Brundle’s answer is to send lapped cars down the pit lane instead of letting them perform the wave-by. Let the lead-lap runners line up in correct order immediately, then have the lapped cars rejoin at the back. That removes the lap currently “spent” on unlapping, and gives race control a better chance of restarting with something meaningful left.
“In IndyCar, for example, if it’s within the last 10 laps, instead of a wave-by the lapped cars are made to peel off into the pit lane and rejoin at the back of the field,” Brundle wrote. The subtext wasn’t subtle: if you’re a lap down, your afternoon has already gone wrong — why should you be the reason the front of the field doesn’t get to settle it properly?
He also floated the nuclear option F1 keeps half-flirting with: a red flag and a standing restart. That, at least, guarantees a race finish. But as Brundle noted, it “takes a while”, and in a sport that is forever selling its “flow”, it’s not a decision you take lightly.
And then there’s the view from the pit wall, where the incentives are always more hard-edged.

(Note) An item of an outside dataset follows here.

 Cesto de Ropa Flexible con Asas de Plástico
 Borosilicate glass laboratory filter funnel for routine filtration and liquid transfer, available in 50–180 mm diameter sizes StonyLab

Former team principal Otmar Szafnauer argued the red flag is the cleanest way through this particular mess — not because it’s purer, but because it’s legal and it’s entertaining. He said he spoke to FIA single-seater director Nikolas Tombazis about it and came away convinced the governing body could have stopped the race and restarted it.
“The FIA followed the current rules,” Szafnauer said, “but they have the option to red flag it.” His pitch wasn’t dressed up as a philosophical crusade for racing purity either. It was blunt: “Red flag it for the fans.”

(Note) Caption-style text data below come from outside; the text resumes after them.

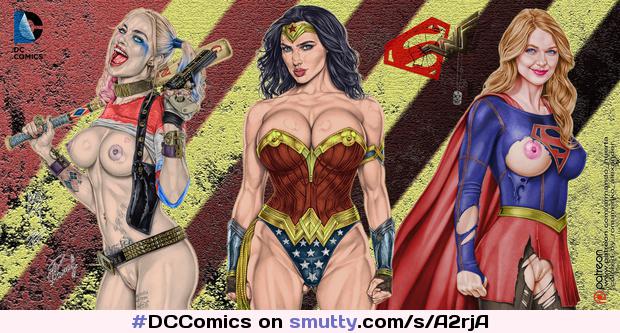 #DCComics #melissabenoist #Supergirl #MargotRobbie #HarleyQuinn #GalGadot #WonderWoman #armandohuerta #drawing #RippedClothing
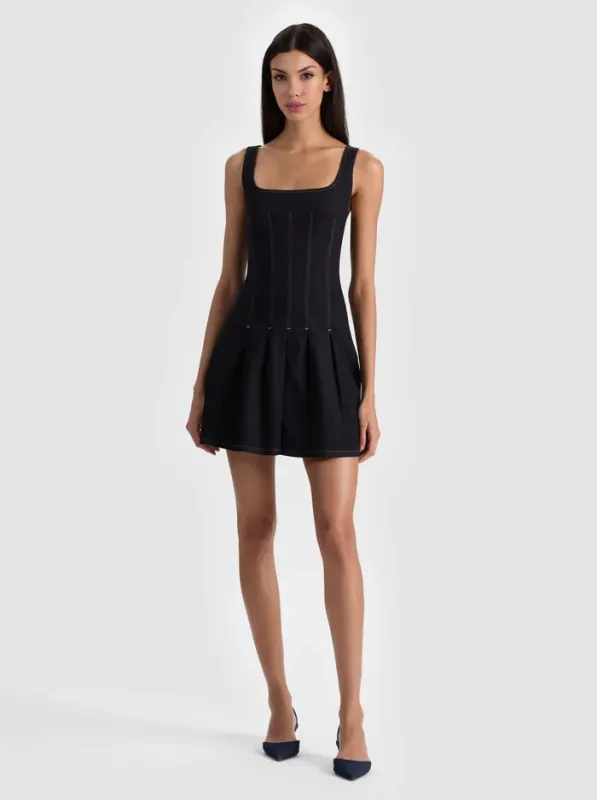 Alice + Olivia - Hollis Denim Mini Dress - Dark Rinse made by Alice + Olivia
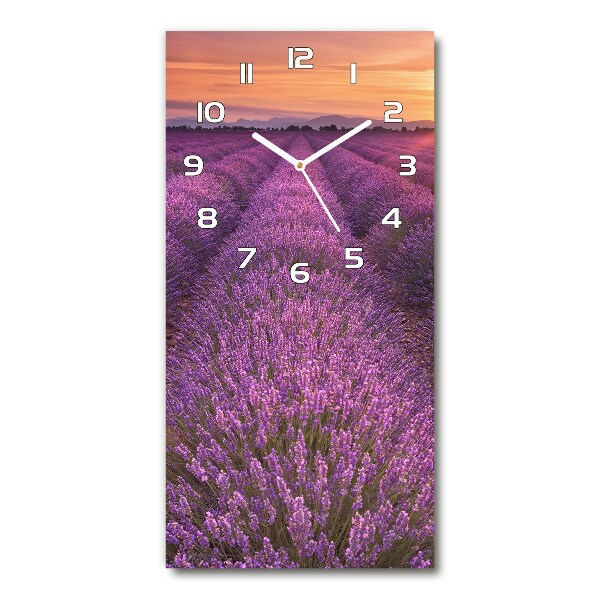 Ceas din sticlă dreptunghiular vertical câmp de lavandă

That’s the uncomfortable truth at the heart of this debate. F1 wants to be seen as a sport that doesn’t manufacture outcomes — and it’s still scarred by the mention of Abu Dhabi 2021, which Brundle referenced with a pointed “anybody?” — but it also knows a Safety Car finish is a dead product. A sell-out Silverstone watching cars trundle home is bad television and worse live theatre.
The irony is that F1 already has the tools to avoid the worst version of these endings without resorting to made-for-TV gimmicks. Brundle’s pit-lane peel-off concept would preserve the integrity of the classification, avoid the fuel problem Button flagged, and reduce the risk of race control being trapped by its own timing. The red flag option remains the most dramatic, but also the most disruptive — and it’s easy to imagine teams arguing it turns incidents into opportunistic resets.
Silverstone didn’t end in controversy, exactly. Leclerc still won; the FIA still had the rules on its side. But the sport can’t keep treating these finishes as an unavoidable quirk when they’re often the predictable outcome of procedures written without enough consideration for late-race reality.
If F1 wants fewer processions and more proper conclusions, it doesn’t need to reinvent itself. It just needs to stop letting the back of the queue dictate what the front is allowed to do.